┌─ DATA IN THIS EXERCISE
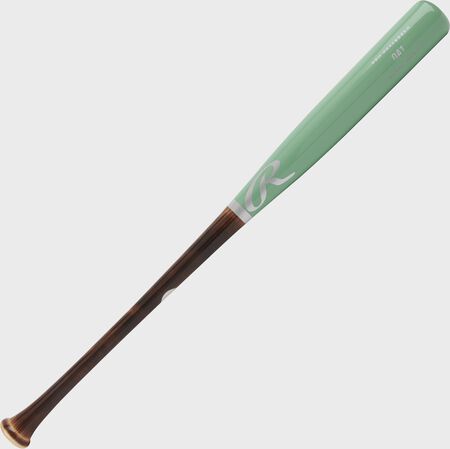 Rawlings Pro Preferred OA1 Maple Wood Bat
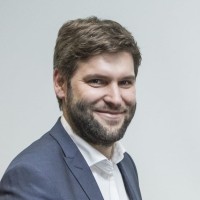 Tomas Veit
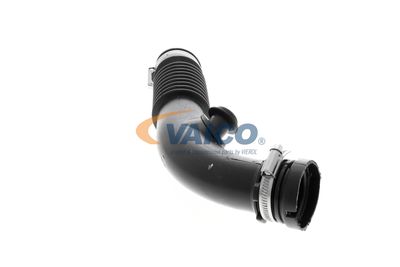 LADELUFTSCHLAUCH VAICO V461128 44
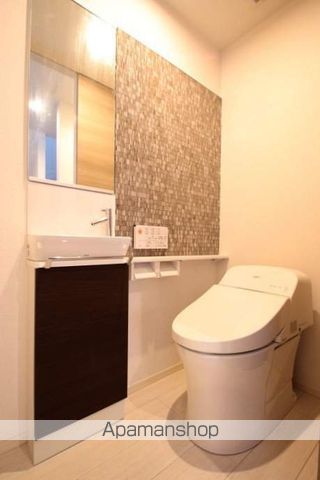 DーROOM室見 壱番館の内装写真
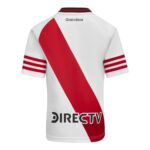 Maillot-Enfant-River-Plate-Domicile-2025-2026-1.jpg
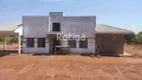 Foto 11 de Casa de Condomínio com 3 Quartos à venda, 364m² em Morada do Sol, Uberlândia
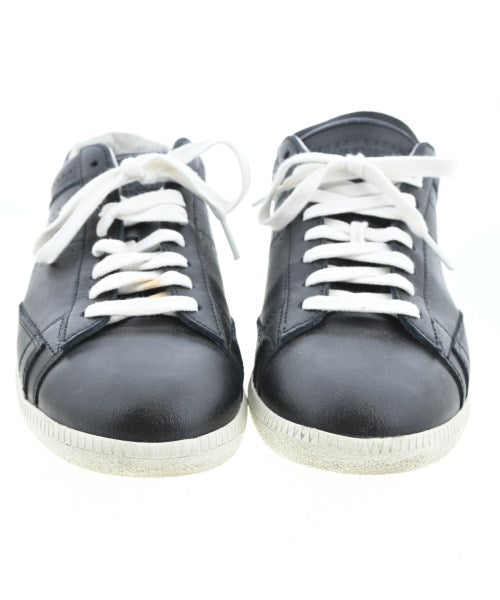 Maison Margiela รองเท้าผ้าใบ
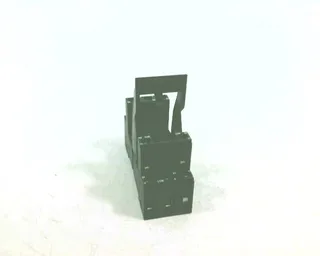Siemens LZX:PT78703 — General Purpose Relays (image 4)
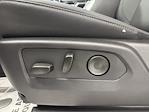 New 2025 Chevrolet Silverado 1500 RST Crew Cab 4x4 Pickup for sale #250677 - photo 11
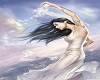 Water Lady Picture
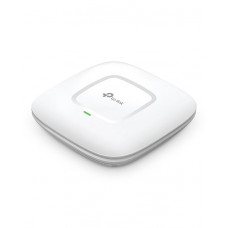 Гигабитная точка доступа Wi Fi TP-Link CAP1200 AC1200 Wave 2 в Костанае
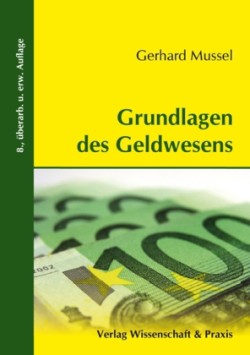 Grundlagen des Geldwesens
└─
Please transcribe word for word the lines from the one bearing "Siemens LZX:PT78703 —" through the last line of the records above, omitting the pictures.

Siemens LZX:PT78703 — General Purpose Relays (image 4)
 New 2025 Chevrolet Silverado 1500 RST Crew Cab 4x4 Pickup for sale #250677 - photo 11
 Water Lady Picture
 Гигабитная точка доступа Wi Fi TP-Link CAP1200 AC1200 Wave 2 в Костанае
 Grundlagen des Geldwesens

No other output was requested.